Namun yang penting bukan sekadar isinya, melainkan semangat dan kerangka berpikirnya: negara adalah alat untuk menegakkan keadilan, bukan alat kepentingan kelompok.

 

Karena itu, pembacaan kitab ini harus diperkaya oleh teori negara modern, HAM, ekonomi politik, dan konteks sosial lokal.

 

Menuju fiqh tata negara yang kontekstual

Kita membutuhkan gerakan baru: tajdid fiqh siyasah pembaruan fikih kenegaraan. Para santri, akademisi, dan ulama muda harus bangkit membaca ulang kitab-kitab klasik seperti al-Aḥkām as-Sulṭāniyyah, Siyāsah Shar’iyyah karya Ibn Taymiyyah, atau al-Mughnī karya Ibn Qudāmah tidak untuk mengulangnya, tetapi untuk melampauinya.

 

Kita tidak hidup di bawah khilafah, tapi di negara demokrasi plural. Maka fikih kenegaraan juga harus melayani prinsip maslahah dalam konteks Pancasila, hukum positif, dan hak-hak minoritas.

 

Antara realitas dan cita-cita

Imam al-Māwardī menulis al-Aḥkām di tengah kekacauan. Tapi ia tidak menulis dengan pesimisme. Ia percaya bahwa negara bisa diselamatkan melalui penataan institusi dan akhlak pemimpin.

 

Kita pun berada dalam situasi serupa. Dunia dan negeri ini sedang goyah. Tapi kita tak boleh menyerah pada kegaduhan.

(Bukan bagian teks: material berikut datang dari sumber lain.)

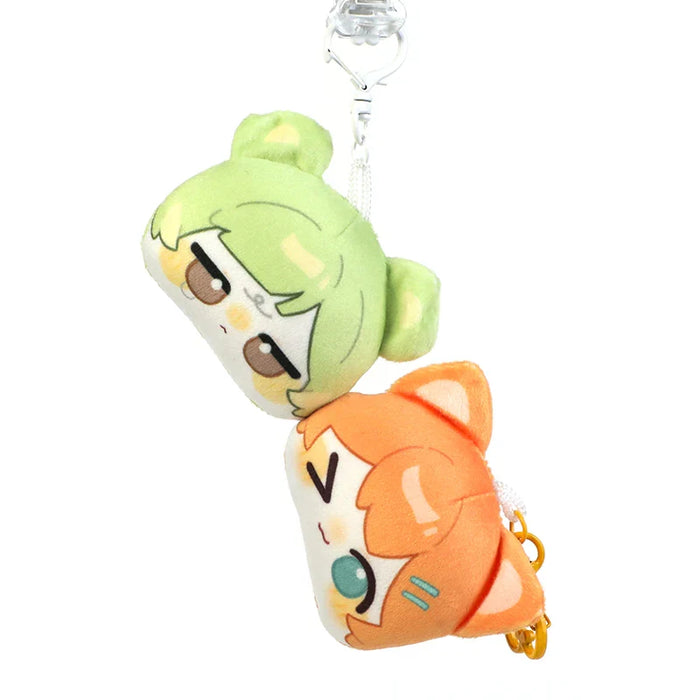 Cute anime plush keychains with green and orange character designs, perfect for anime merch collectors.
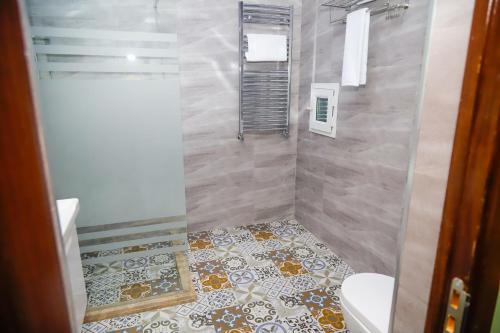 y baño con ducha, aseo y lavamanos. en Anatolia Hotel Baku, en Baku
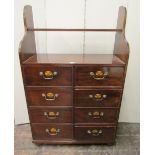 An unusual mahogany chest fitted with a side by side arrangement of eight drawers, with oval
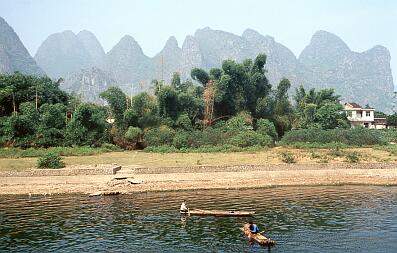 Karsthügellandschaft am Li-Fluß zwischen Zhujiang und Yangshuo, vorne Bauern mit ihren Bambusflossen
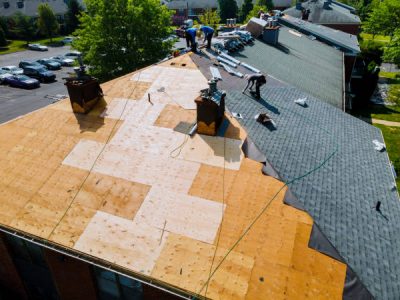 Roof repairs old roof replacement with new shingles of an apartment building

Kita harus kembali pada esensi: keadilan, amanah, dan keberpihakan pada yang lemah.

 

Karena pada akhirnya, sebagaimana kata al-Māwardī, “Kekuasaan adalah amanah yang akan ditanya, bukan anugerah yang dirayakan.”

 

Beberapa data pendukung tulisan ini:

EIU Democracy Index 2024: Indonesia dalam kategori “flawed democracy” dengan skor 6.71.

Transparency International CPI 2024: Skor Indonesia 34/100.

Laporan BPK 2023: Temuan penyimpangan dana bansos di 12 daerah.

Laporan World Bank 2023: Ketimpangan ekonomi Indonesia masih tinggi, dengan indeks GINI 38.7.

Studi PPIM UIN 2022: Literasi politik santri meningkat, tapi masih minim wacana kenegaraan klasik.